Deuxièmement, qu'elles avaient refusé un retour volontaire, que cent quatre-vingts autres Afghans ont, pour leur part, accepté depuis le début de l'année.

Troisièmement, qu'elles retournent dans les zones les moins insécurisées ou les plus sûres, c'est-à-dire dans un périmètre de deux cents kilomètres autour de Kaboul.

Voilà, madame la sénatrice, comment nous avons agi. (Applaudissements sur les travées de l'UMP. – Protestations sur les travées du groupe socialiste et du groupe CRC-SPG.)

M. Daniel Raoul. C'est immoral !

M. le président. La parole est à M. Richard Yung, pour la réplique.
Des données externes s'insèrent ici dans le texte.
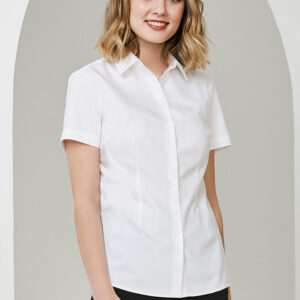 Bizcollection S912ls Ladies Regent S/s Shirt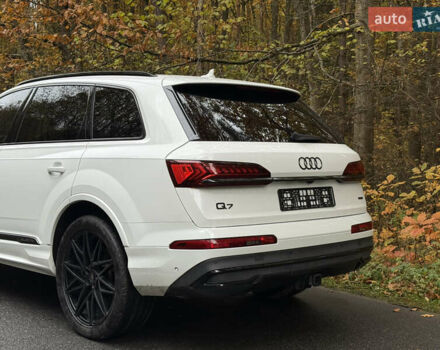 Білий Ауді Ку 7, об'ємом двигуна 3 л та пробігом 134 тис. км за 39500 $, фото 17 на Automoto.ua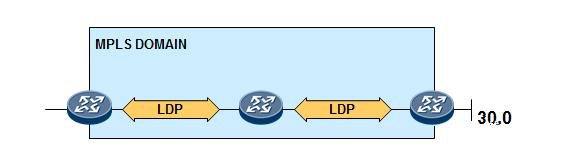 MPLS中的LDP 概述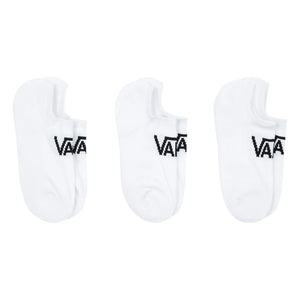 Vans - 3-Pair Sock Set | White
M. Richard Yung. Monsieur le ministre, vous avez sans doute été surpris par le mauvais accueil que cette vilaine opération a eu dans l'opinion publique, une large majorité des Français ayant indiqué qu'elle y était tout à fait opposée.

Vous avez alors « botté en touche », comme on dit au rugby, et vous avez annoncé un grand débat sur l'identité nationale.

Vous considérez sans doute qu'il s'agit d'une bonne petite opération politique parce que cela devrait gêner la gauche. Monsieur le ministre, je vous réponds en toute tranquillité que nous ne sommes absolument pas gênés par ce débat. Vous n'avez pas le monopole de la fierté nationale !

M. Éric Besson, ministre. Tant mieux !

M. Richard Yung. Si ce débat permet d'évoquer les valeurs qui sont les nôtres, de sensibiliser les jeunes – en dépit de la suppression de 16 000 postes d'enseignants, dont la moitié en histoire –, bref, si ce débat permet de progresser, nous serons avec vous.

En revanche, si ce débat vise à fermer la France, à caresser dans le sens du poil la bête jamais endormie…

M. le président. Veuillez conclure, monsieur Yung. Vous disposez d'une minute, c'est le règlement !

M. Richard Yung. Je conclus, monsieur le président. Monsieur le ministre, si, par ce débat, si c'est le nationalisme que vous chercherez à mettre en avant, alors, nous ne serons pas avec vous. (Applaudissements sur les travées du groupe socialiste et du groupe CRC-SPG.)